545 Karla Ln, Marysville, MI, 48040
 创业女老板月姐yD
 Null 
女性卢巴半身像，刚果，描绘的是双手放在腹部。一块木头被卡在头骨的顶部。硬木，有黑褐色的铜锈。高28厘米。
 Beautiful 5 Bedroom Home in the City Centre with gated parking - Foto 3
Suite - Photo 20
----------------------------------------
Lines from the one containing "Beautiful 5 Bedroom" to the end of the data are to be printed exactly, including the first and last.

 Beautiful 5 Bedroom Home in the City Centre with gated parking - Foto 3
Suite - Photo 20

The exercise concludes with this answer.